Data below:
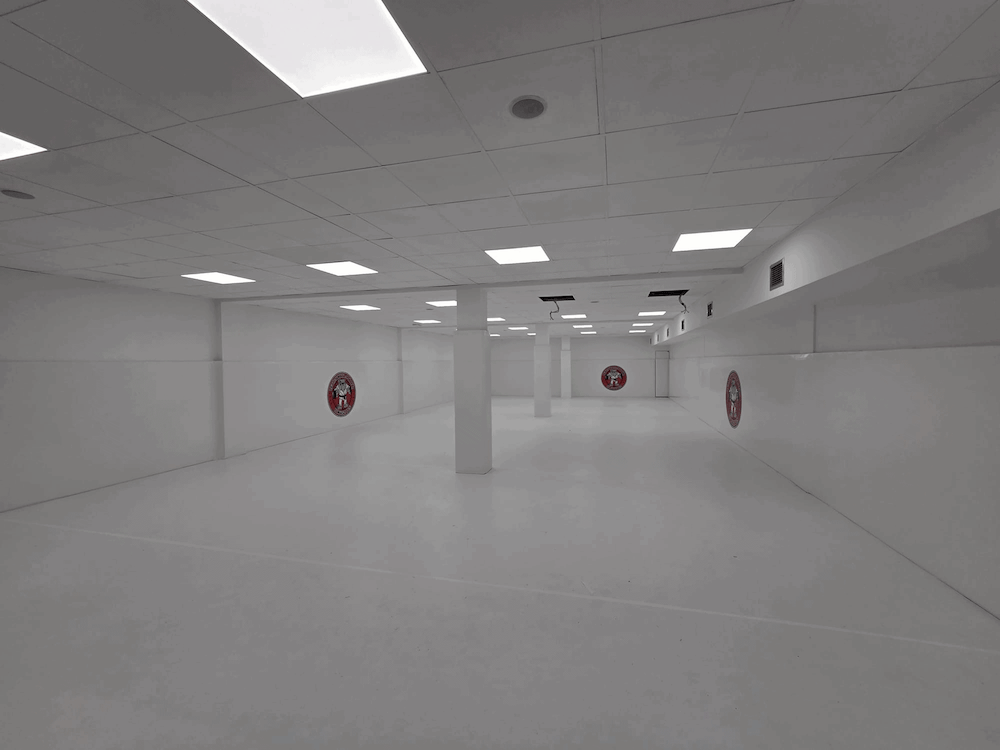 Galeria mat sportowych – Wykończenia sal i klubów M&K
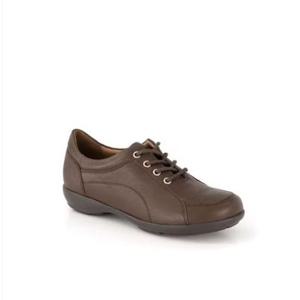 [랜드로바(여성화)]여성 경량 쿠션 캐주얼 옥스포드 LANOXH3014WG3 브라운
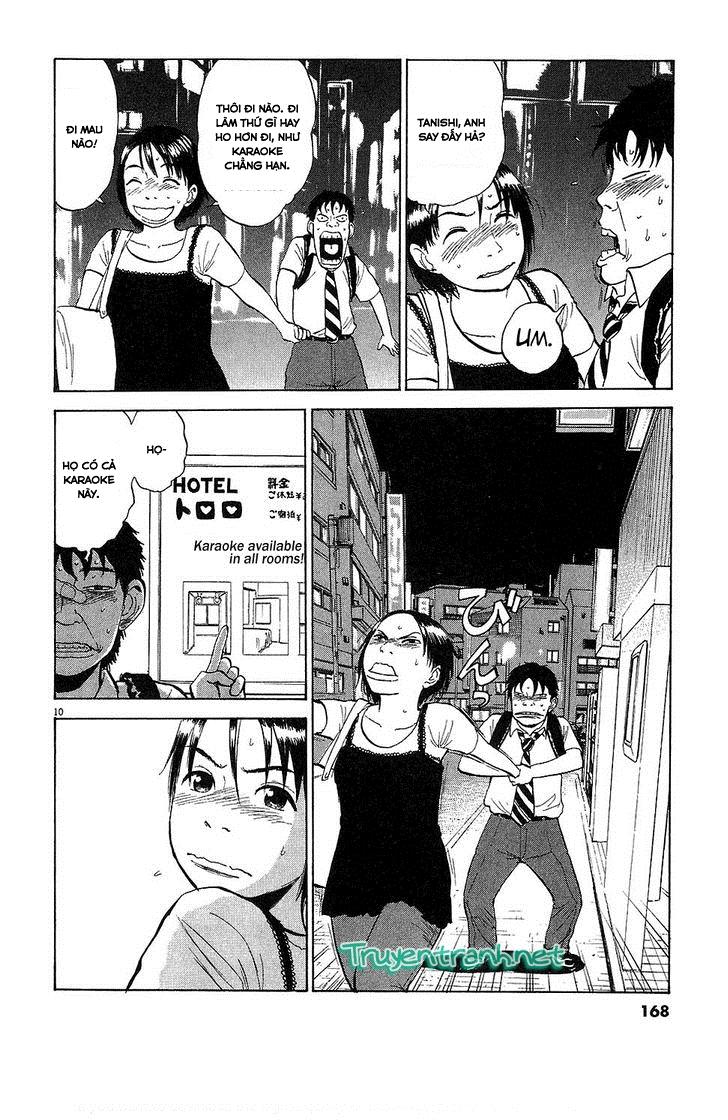 Boy On The Run Chapter 8 - Trang 2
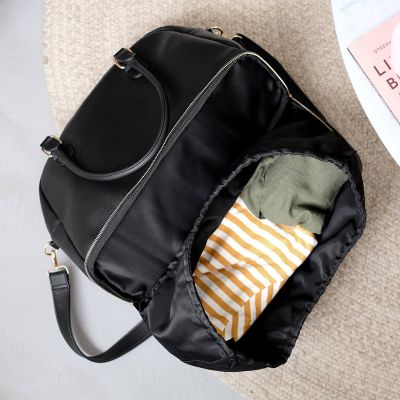 Stackers Handbag Black #4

To do: Return every line shown above without changing a word, and skip the pictures.

Task answer:
 Galeria mat sportowych – Wykończenia sal i klubów M&K
 [랜드로바(여성화)]여성 경량 쿠션 캐주얼 옥스포드 LANOXH3014WG3 브라운
 Boy On The Run Chapter 8 - Trang 2
 Stackers Handbag Black #4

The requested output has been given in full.